Avoid letting tragedies become power grabs

The reaction to this week’s horrific scene in Toronto was immediate and visceral, as our humanity should have it. The security measures, understandable in the moment, need to be a little less kneejerk. Much less, even.

Although bearing the hallmarks of terrorism, the details known thus far have precluded that label. The motive for the attack does not appear to be political or cultural, rather to be associated with the perpetrator’s personal issues.

That does not, of course, change in any way the murders of 10 people and injuries of 14 others. Families are grieving, bystanders traumatized and public safety in question, just as would be the case with a clear act of terrorism.

At first blush, the crimes for which 25-year-old Alek Minnassian has been charged have more in common with what happened at l’École Polytechnique in Montreal and Isla Vista, California.

While grappling with how someone could be driven to carry out such atrocities, we do have to be vigilant to resist any calls to strip away our rights and protections in the name of public fear and uncertainty. Just as we’ve seen with incidents linked to terrorism, there are those who will try to use the opportunity to push us farther along the road to a police state.

As with every other instance, some of the hysteria will pass, of course,

In time, we can come to understand this act, as with others. That’s a necessary step. Significant surveillance-state overreach would be completely wrong, however. As with terrorist acts, we have to be mindful of the fear the scene on Yonge Street breeds. There are many vested interests with financial and other incentives to call for beefed up security, military spending and even more restrictions to our civil rights and liberties.

You can bet this tragedy will be used to justify more intrusions into our collective privacy.

Certain types have always had the urge to spy on people; in the post-9/11 world, the paranoid and dictatorial have found new ways to curtail public freedoms. Their attempts to play on current fears have many precedents – think of McCarthyism and the state police of hundreds of oppressive regimes.

Those who would take your freedoms argue such measures are little grief if only one terrorist is thwarted or one criminal swept up. The argument holds no merit, as taking away the rights of everyone to round up a few smacks of a bad deal – as Benjamin Franklin noted, “Any society that would give up a little liberty to gain a little security will deserve neither and lose both.”

Information gathered will do nothing to deter real crime, but would serve as an excellent vehicle for public control. Misuse would be rampant.
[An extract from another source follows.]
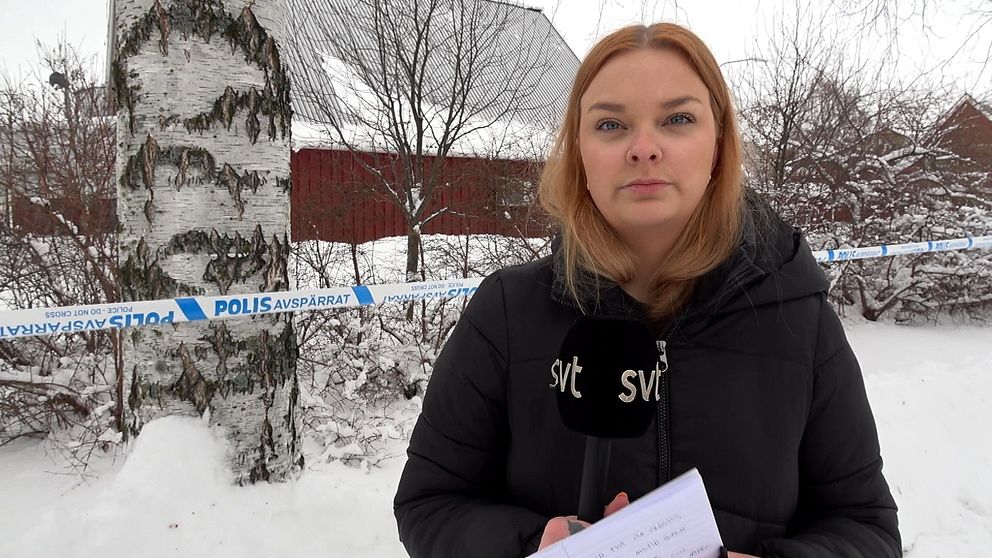 En reporter från SVT står utomhus med en mikrofon i handen, bredvid ett område som har avspärrats av polis. I bakgrunden syns en snötäckt björk och några byggnader.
Throw in a lack of data security and the perils become even greater.

With computers able to crunch vast amounts of disparate data, we would be wise to provide government, agencies and businesses with increasingly less information about ourselves. Preventing more intrusion on our lives is where the real battle lies.

For now, we exercise our humanity in coming to grips with what happened in Toronto. But let’s not get lose sight of the bigger picture and what’s at stake.